Madison Weaver, Assistant News Editor

On Feb. 1, Bayo Holsey, Associate Professor of African and African-American studies and Cultural Anthropology at Rutgers University, kicked off the Black Body (Re)Considered series with a presentation of her research and investigation into slave-trade narratives.

The series, presented by the Griot Institute for Africana Studies, hosts a different lecture or performance each Wednesday evening to present the campus community with interdisciplinary viewpoints of social issues.

Holsey investigates slave narratives in Ghana and other areas of West Africa where slavery and neoliberalism affect economics and policies of African nations. Additionally, she examines the slave’s body in relation to the past and present, aligning with the goals of the Black Body (Re)Considered series.

“People describe witnessing slaves being tortured, having violence inflicted upon them,” Holsey said. “To think about the role of the body in these accounts of slavery and how people in a more contemporary moment imagine the memories of slavery having an impact on their own bodies.”

Holsey’s research spans to the lasting impacts of slavery in current day, discussing how American visitation to sites in West Africa have created an industry through commemorating the slave trade.

“What I wanted to do in this piece was think about some of the narratives that have been written by visitors to such sites and to other sites in West Africa, and think about it in a broader framework of what it means to remember the slave trade,” Holsey said, connecting the past to the present.

Holsey connects her work to politics as well, which is all too relevant in America today.

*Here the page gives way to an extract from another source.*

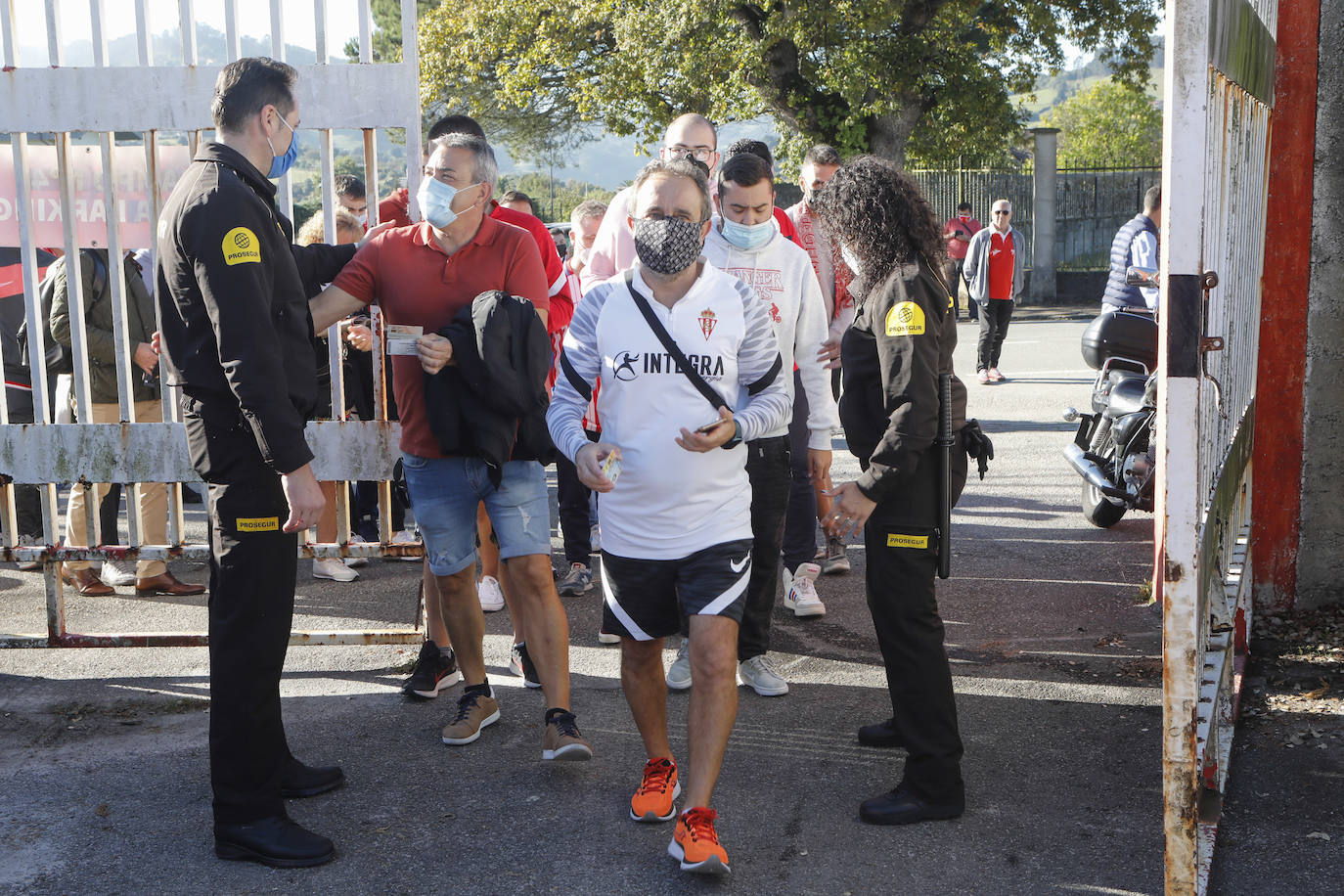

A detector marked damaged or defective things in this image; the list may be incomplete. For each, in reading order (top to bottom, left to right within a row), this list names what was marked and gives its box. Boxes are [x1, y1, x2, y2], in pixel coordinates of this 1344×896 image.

rusty metal gate [0, 0, 425, 645]
rusty metal gate [1161, 0, 1274, 891]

“[Slave narratives] can be very powerful … if we’re overexposed to these tales of suffering and violence we can become desensitized, but … those narratives can be part of a radical tradition, an anti-racist tradition, and they can play an important role in that kind of politics, and that’s what I really want to explore,” Holsey said.

The Black Body (Re)Considered series will continue with artists and scholars of varying mediums each Wednesday night.

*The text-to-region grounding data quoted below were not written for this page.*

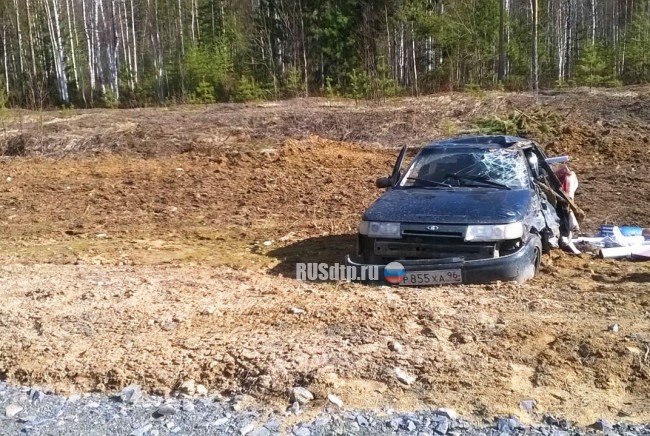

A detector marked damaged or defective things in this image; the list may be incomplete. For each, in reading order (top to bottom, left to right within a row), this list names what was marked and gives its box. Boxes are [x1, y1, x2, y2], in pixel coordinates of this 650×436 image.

damaged windshield [398, 146, 528, 189]
crashed black car [346, 136, 580, 286]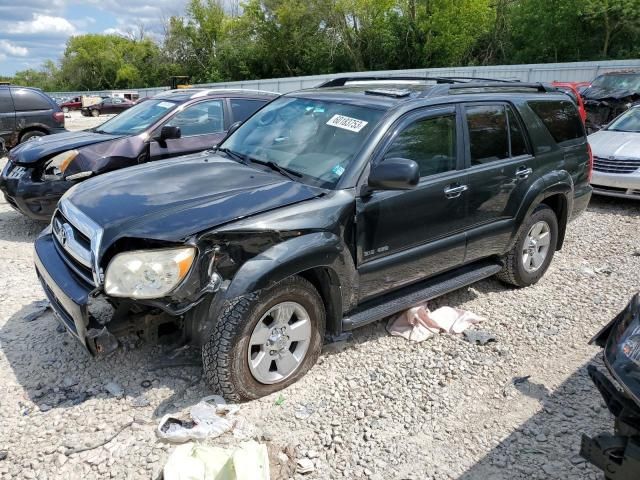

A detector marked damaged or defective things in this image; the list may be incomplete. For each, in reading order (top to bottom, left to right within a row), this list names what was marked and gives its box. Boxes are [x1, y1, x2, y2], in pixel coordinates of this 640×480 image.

cracked headlight [46, 150, 79, 176]
cracked headlight [104, 248, 198, 300]
front end damage [584, 294, 640, 478]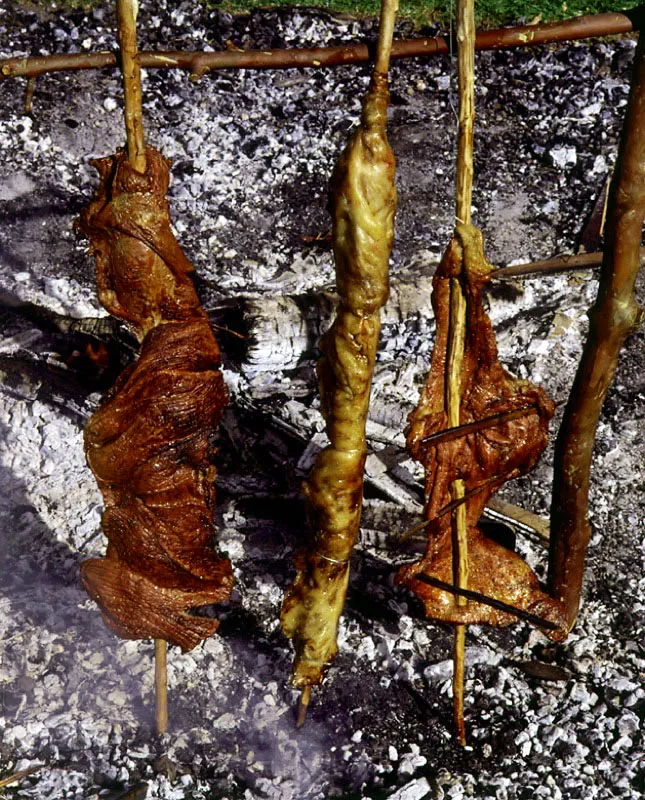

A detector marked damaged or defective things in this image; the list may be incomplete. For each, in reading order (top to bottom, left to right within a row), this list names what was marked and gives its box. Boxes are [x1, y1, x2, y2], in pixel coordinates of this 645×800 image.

burnt wood piece [77, 147, 233, 652]
burnt wood piece [400, 223, 568, 636]
burnt wood piece [548, 26, 644, 632]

“It’s an honor to be here and be the first speaker. I was pleasantly surprised to receive the invitation,” Holsey said. “I hope that students and faculty and others are able to think about issues of blackness and embodiment from various interdisciplinary perspectives and that that can nourish their own intellectual trajectory and, as I’ve suggested, their politics as well.”

Nona Faustine Simmons, a photographer, will present “The Black Body as Art” on Feb. 8 in the Gallery Theater at 7 p.m. The events in the Black Body (Re)Considered series are free and open to the public.